New York’s latest bill demands your smartphone itself snitch on your age to every website you visit, turning personal devices into perpetual privacy spies.
Story Snapshot
- NY Senate Bill S8102 forces device makers like Apple and Google to embed age checks at the hardware or OS level, signaling user age to all apps and sites.
- Aimed at shielding kids from porn and addictive social media, but critics slam it as mass surveillance in disguise.
- Builds on failed prior bills and California’s similar law, escalating from site-specific checks to device-wide enforcement.
- Introduced late 2025 with no passage yet; overlaps NY AG’s SAFE for Kids rules amid privacy backlash.
- Stakes high: protects minors or erodes adult freedoms, with bipartisan child-safety push clashing against common-sense privacy rights.
Bill S8102 Mandates Device-Level Age Assurance
NY Senate Bill S8102, amended as S8102A, requires manufacturers of internet-enabled devices such as smartphones and tablets to implement age assurance at the hardware or operating system level. Device makers categorize users as minors or adults and transmit this age signal to every website and app accessed. Lawmakers position this shift from site-specific verification to protect children from pornography and addictive platforms. The mandate covers all online interactions, distinguishing it from narrower porn-site laws in 24 states.
Prior Efforts Fail in New York Legislature
Senate Bill S3591, a precursor, faced referral to the Internet and Technology Committee on January 28, 2025. Committee consideration followed on March 21, but defeat came May 5 with 3 yeas and 4 nays. Sponsors Assemblywoman Mary Beth Walsh and Senator Jake Ashby championed related pornography bills to safeguard young brains from harmful content. New York’s Democratic control creates hurdles, as privacy concerns and legislative resistance blocked earlier attempts. S8102 emerged late 2025 as the next escalation.

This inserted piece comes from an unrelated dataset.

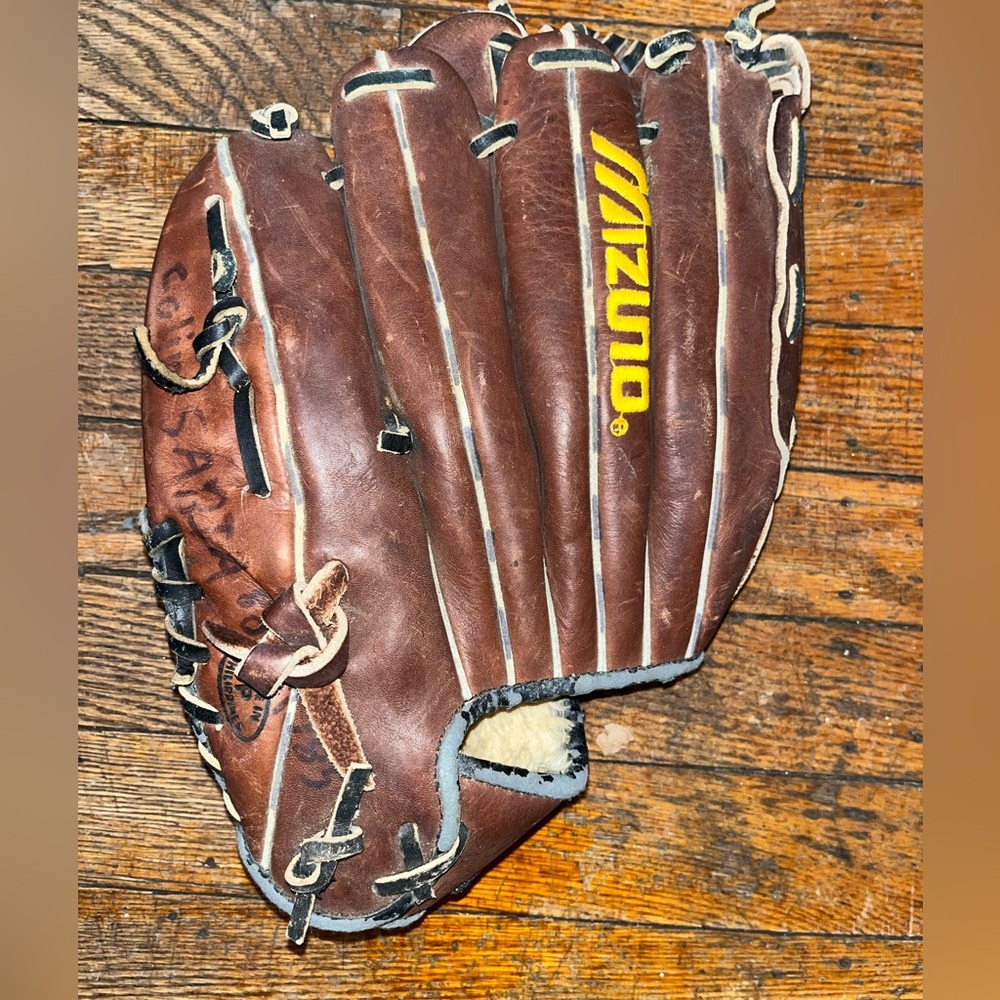 Mizuno MVP 1357 Victory Premier 12.5” Baseball Softball Glove RHT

NY Attorney General Letitia James released proposed SAFE for Kids Act rules in December 2025, targeting addictive feeds and notifications for minors through age checks. This overlaps S8102’s device focus. Electronic Frontier Foundation submitted opposing comments, warning of invasive systems.
Stakeholders Clash Over Child Safety Versus Surveillance
Proponents like Walsh and Ashby stress preventing porn from rewiring adolescent brains, aligning with bipartisan appeals to common sense parental protections. Age Verification Providers Association’s Iain Corby praises rules as flexible, leveraging existing privacy-preserving tech. Critics including EFF and Free Speech Coalition highlight surveillance normalization, data breach risks like Discord’s 2025 ID incident, and discriminatory impacts on low-income users. Device makers such as Apple and Google face compliance burdens, balancing zero-knowledge proofs with liability under precedents like California’s AB 1043.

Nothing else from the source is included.